Yes. Each Plaza tenant, including Macy's, Ross, food-court restaurants, and smaller specialty retailers, carries its own workers' comp policy. Yazdchi Law files the claim against the actual retail employer, not the Plaza's owner or property manager. Common injuries include back strains from stockroom lifting, slip-and-falls on freshly mopped tile floors, repetitive wrist injuries from scanner use, and assaults during peak shopping periods. Your medical care and wage checks are fully covered.

What if I am a Leimert Park restaurant cook burned on the job?

Kitchen burns are fully covered work injuries. The restaurant's comp carrier must authorize burn-specialist care, including skin-graft surgery if your treating doctor orders it.
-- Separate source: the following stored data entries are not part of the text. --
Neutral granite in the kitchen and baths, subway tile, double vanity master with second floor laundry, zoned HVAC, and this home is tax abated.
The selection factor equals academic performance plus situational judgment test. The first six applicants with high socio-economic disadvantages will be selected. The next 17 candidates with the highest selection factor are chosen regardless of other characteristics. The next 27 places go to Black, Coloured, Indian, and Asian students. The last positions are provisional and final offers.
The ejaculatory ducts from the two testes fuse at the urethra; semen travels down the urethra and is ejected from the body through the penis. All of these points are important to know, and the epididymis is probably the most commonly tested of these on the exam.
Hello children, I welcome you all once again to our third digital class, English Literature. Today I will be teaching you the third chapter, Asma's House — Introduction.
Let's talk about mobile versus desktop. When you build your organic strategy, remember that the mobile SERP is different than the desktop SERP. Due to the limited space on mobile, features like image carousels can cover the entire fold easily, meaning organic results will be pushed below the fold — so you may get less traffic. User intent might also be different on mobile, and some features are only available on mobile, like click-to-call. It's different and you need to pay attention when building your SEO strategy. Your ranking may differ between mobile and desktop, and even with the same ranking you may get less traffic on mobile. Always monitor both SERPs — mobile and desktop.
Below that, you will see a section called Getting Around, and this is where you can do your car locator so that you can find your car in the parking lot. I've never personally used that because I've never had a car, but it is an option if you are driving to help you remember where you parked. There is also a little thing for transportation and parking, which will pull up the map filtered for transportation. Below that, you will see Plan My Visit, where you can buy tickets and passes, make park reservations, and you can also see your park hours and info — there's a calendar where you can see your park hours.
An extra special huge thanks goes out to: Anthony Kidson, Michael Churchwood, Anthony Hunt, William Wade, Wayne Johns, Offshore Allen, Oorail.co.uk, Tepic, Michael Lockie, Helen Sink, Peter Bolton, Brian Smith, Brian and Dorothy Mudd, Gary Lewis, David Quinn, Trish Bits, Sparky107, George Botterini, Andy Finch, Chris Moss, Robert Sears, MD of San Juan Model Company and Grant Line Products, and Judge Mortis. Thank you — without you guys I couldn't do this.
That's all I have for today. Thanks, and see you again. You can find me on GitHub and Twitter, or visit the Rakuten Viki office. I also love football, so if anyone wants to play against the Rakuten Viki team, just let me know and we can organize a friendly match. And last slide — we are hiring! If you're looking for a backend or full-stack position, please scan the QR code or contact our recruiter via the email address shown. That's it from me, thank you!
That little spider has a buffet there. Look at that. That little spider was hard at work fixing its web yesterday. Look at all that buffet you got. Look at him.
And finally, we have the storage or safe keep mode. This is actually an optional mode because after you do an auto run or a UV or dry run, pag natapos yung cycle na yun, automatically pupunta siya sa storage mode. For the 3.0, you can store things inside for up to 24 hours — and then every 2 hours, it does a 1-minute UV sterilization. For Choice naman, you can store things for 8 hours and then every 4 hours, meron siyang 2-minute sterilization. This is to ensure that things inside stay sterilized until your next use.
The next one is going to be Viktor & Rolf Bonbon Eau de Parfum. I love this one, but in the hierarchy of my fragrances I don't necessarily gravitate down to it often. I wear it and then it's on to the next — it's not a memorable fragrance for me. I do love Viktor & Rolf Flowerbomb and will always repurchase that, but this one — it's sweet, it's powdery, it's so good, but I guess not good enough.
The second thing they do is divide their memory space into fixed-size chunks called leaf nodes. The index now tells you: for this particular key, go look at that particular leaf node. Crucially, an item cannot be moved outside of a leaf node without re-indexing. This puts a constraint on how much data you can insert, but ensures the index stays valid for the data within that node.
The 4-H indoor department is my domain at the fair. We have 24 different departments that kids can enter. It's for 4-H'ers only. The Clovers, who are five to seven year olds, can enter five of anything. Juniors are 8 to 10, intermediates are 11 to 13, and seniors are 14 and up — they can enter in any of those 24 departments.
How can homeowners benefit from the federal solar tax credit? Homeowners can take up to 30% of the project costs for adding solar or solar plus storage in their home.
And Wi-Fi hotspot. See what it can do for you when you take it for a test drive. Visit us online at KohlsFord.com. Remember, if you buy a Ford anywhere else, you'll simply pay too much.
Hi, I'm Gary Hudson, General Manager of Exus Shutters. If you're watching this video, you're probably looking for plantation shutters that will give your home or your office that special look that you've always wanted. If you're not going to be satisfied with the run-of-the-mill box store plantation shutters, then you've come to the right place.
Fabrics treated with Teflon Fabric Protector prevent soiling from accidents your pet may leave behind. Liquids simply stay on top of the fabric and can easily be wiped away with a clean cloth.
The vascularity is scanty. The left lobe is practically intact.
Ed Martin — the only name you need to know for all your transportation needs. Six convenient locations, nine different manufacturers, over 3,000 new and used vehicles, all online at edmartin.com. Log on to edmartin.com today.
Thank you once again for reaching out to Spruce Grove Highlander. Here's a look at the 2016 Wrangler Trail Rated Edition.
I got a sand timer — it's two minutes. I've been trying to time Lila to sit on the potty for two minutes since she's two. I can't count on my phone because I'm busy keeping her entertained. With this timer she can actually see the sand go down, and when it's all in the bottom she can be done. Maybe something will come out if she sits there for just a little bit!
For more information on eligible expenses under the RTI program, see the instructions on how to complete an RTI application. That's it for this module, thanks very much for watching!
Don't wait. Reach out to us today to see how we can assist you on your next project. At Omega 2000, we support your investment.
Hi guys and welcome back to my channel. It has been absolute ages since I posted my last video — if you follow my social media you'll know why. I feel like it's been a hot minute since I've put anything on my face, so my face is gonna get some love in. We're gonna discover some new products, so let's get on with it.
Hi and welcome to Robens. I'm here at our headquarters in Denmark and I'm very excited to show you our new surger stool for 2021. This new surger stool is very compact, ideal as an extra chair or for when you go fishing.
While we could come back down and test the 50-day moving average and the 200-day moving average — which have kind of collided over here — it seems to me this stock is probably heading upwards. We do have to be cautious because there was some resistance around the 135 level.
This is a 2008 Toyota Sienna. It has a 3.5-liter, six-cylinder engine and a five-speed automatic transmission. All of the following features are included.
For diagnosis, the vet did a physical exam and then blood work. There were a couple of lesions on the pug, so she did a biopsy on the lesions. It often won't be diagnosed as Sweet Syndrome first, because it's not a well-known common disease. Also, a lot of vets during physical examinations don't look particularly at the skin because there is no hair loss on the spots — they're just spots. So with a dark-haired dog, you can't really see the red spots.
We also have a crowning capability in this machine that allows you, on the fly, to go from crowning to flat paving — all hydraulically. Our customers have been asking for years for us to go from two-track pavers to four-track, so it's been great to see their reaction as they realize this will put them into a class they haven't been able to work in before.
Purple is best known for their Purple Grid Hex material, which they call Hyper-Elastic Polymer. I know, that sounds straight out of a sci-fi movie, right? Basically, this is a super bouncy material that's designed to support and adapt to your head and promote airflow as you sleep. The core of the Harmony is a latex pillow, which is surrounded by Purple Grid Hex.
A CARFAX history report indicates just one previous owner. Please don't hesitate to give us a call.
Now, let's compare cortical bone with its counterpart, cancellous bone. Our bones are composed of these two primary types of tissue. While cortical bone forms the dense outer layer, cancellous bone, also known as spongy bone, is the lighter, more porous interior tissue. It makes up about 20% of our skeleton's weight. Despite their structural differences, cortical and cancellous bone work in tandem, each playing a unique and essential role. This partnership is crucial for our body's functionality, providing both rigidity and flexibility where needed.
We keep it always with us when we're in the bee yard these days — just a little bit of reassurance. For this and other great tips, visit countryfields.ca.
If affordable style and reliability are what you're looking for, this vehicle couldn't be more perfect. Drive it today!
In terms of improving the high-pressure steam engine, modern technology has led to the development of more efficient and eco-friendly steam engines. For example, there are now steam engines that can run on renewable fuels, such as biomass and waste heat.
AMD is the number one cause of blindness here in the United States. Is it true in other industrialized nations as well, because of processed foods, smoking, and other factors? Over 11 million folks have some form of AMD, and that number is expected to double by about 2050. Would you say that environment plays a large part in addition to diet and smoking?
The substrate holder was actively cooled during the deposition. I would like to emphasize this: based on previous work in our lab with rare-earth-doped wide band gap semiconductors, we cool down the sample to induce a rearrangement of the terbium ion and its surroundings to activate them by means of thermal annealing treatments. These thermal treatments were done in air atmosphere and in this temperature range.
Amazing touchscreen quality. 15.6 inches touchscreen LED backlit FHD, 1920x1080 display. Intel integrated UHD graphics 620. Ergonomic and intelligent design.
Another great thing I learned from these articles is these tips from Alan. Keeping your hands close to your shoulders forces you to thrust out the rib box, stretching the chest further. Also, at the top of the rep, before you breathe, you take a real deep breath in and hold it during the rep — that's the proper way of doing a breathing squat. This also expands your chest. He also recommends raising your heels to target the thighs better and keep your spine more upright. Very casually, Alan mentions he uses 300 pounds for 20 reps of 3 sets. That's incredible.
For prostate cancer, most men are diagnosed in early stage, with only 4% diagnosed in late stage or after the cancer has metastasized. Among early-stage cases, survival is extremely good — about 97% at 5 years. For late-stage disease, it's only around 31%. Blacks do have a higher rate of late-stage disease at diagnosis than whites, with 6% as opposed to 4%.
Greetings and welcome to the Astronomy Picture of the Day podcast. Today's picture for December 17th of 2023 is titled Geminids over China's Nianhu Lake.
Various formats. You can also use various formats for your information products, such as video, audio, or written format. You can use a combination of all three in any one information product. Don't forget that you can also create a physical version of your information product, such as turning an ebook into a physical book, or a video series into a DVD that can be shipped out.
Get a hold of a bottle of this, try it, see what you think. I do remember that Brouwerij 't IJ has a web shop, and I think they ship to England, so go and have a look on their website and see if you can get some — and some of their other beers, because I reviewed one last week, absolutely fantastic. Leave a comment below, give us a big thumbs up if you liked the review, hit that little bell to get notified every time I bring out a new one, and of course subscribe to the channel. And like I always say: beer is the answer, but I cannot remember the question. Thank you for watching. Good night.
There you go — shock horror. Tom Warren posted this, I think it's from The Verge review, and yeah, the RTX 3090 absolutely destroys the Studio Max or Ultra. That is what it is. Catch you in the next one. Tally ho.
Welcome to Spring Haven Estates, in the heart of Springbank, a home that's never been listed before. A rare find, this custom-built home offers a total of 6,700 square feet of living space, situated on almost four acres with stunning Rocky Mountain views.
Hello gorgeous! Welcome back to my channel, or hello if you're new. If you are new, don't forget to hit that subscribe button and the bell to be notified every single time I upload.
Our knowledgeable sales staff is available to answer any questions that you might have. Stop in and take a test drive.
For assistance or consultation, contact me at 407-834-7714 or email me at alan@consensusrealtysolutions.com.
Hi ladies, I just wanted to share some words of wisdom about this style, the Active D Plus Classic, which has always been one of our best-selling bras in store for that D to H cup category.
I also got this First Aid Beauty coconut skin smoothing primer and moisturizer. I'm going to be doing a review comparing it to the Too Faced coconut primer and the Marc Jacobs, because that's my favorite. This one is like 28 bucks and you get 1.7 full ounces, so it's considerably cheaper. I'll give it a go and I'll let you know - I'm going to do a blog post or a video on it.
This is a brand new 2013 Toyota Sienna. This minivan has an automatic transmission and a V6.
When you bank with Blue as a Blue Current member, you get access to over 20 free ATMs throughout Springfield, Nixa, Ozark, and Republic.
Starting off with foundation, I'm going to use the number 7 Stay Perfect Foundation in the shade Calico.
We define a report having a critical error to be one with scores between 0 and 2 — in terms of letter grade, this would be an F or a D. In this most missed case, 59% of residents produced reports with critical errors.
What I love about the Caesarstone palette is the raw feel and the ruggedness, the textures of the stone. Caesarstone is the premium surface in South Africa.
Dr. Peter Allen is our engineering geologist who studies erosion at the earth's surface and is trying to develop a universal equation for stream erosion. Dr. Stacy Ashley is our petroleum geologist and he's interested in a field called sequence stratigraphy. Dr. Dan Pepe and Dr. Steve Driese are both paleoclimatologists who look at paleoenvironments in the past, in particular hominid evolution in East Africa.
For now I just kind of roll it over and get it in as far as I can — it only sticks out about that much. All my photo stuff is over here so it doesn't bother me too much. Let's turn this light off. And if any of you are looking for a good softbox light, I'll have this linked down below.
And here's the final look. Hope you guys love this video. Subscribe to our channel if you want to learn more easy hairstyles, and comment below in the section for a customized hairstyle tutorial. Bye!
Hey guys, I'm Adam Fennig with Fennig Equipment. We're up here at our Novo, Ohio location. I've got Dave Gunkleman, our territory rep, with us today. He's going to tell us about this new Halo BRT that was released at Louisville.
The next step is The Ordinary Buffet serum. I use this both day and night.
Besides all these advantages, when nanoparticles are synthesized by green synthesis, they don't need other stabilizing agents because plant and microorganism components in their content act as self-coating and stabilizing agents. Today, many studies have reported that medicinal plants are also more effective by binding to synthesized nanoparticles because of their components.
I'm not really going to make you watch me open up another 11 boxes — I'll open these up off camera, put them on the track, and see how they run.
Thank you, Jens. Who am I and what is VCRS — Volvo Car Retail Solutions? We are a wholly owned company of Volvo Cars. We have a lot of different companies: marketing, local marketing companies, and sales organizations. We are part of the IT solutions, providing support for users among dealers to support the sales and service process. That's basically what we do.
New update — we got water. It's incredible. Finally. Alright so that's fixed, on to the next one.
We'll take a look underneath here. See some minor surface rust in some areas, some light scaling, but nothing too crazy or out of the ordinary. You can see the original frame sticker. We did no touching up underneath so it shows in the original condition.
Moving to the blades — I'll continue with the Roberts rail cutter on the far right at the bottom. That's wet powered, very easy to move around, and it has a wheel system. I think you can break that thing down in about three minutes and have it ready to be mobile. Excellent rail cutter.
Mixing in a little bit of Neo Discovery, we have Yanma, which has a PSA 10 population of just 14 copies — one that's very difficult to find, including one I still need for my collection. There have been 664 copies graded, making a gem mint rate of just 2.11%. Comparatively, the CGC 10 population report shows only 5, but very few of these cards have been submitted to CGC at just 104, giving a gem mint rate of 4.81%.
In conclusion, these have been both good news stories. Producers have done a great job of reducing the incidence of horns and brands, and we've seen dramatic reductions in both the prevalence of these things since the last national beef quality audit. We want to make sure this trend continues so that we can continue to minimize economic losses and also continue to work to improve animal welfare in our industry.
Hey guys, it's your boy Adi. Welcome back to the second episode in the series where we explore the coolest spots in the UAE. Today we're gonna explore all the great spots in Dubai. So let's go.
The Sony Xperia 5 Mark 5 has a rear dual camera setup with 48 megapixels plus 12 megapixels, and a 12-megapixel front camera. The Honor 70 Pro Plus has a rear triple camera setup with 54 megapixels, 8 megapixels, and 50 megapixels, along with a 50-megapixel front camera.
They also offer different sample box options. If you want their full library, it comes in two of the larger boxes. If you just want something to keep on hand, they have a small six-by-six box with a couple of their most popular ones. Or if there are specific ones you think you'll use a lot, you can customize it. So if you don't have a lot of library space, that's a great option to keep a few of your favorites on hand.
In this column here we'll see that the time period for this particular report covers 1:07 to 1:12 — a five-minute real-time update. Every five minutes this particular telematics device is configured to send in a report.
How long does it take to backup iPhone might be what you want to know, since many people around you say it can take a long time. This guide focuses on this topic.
If the insurer delays or denies treatment, we appeal through Independent Medical Review within 30 days of the denial. We also audit your average weekly wage calculation carefully if you earn tips. Carriers often undercount tip income and issue smaller checks than the law requires, understating your actual earnings by a significant margin.

What if I am a Kaiser Permanente Baldwin Hills employee with a shoulder injury?

Kaiser Permanente is self-insured for workers' comp. Your DWC-1 claim form goes to Kaiser's workers' comp department and is administered by their third-party administrator. Cumulative shoulder, wrist, and back injuries are common for long-tenured medical assistants and dietary staff from daily patient transfers and extended equipment use. Yazdchi Law files claims for Kaiser employees at the Los Angeles WCAB and handles the specific administrative process Kaiser uses for its own workforce.

Last reviewed by Eman Yazdchi, Esq., June 2026.